# Carlsbad, CA



## TrojanRickus

Going to a wedding in Carlsbad, CA and we need a place to stay September 18, 19, 20.

Thank you.


----------



## TrojanRickus

Still looking for something during these dates.  We are there for a wedding.


----------



## Luanne

You might want to check hotels, or vrbo.


----------



## TrojanRickus

Thank you.  We just like the space and kitchen availability.


Luanne said:


> You might want to check hotels, or vrbo.


----------



## dlca1

I don't know if they have anything in Carlsbad, but we have been happy renting through airbnb.


----------



## Luanne

TrojanRickus said:


> Thank you.  We just like the space and kitchen availability.

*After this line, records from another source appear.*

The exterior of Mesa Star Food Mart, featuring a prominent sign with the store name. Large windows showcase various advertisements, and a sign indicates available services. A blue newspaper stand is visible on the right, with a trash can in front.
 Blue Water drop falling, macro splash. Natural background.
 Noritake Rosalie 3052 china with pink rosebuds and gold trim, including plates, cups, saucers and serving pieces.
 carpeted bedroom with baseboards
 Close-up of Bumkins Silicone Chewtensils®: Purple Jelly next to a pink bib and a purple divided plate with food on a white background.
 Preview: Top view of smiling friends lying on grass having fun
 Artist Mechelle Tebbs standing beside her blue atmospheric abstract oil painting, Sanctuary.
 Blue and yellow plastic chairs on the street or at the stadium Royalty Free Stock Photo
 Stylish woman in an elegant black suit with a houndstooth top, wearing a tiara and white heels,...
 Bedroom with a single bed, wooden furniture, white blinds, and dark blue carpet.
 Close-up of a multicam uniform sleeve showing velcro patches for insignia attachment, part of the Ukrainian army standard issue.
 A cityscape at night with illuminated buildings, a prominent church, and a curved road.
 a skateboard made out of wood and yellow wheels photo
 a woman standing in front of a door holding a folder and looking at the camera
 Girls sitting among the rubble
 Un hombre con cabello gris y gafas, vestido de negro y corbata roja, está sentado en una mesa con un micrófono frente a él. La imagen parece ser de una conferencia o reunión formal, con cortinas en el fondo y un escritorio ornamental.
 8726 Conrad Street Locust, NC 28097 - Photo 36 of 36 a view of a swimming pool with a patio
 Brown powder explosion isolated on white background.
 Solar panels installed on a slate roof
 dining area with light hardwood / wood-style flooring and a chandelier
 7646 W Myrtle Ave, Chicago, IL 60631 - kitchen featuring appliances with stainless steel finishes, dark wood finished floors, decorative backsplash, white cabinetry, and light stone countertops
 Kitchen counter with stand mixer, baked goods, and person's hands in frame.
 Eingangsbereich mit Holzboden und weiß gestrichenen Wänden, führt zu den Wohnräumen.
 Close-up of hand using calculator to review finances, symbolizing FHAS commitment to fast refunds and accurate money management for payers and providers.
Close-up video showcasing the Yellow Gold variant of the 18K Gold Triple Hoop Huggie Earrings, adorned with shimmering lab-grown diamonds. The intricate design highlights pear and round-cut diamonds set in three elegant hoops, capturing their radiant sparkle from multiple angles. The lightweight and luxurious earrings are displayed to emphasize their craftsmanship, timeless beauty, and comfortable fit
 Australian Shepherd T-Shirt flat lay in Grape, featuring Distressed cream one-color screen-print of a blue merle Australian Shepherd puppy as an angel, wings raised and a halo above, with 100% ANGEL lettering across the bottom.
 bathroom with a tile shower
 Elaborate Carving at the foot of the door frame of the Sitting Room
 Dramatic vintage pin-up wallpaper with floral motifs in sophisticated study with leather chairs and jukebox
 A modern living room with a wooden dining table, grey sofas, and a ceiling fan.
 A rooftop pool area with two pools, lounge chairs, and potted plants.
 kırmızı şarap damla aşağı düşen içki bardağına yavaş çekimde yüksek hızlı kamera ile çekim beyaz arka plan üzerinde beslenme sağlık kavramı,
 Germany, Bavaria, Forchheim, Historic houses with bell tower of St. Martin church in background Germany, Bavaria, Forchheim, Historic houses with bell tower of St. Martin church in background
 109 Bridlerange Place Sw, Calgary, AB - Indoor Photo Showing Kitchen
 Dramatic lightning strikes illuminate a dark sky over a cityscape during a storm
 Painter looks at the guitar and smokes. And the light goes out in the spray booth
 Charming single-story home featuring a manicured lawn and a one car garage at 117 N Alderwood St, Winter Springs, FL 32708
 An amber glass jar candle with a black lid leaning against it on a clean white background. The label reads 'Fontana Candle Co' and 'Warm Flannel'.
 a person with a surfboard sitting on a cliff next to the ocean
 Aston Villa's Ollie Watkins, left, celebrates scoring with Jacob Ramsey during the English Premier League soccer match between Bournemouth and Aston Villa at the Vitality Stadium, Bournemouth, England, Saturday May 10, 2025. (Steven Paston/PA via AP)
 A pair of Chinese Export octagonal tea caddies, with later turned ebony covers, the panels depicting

Renting through vrbo can give you space.  Just look for a condo.


----------



## presley

Try also Resortime.com.  They are owned/operated by Grand Pacific Resorts, which has many Carlsbad area timeshares.


----------



## TrojanRickus

Thank you.  I will check those sites...


----------



## falmouth3

If you don't find something that way, you can look into residence hotels or suites hotels.  They have a small kitchen and a living room as well as a bedroom.


----------



## davidvel

Where in Carlsbad is the wedding?


----------



## TrojanRickus

Wedding is a La Costa States.  Thank you!!!


----------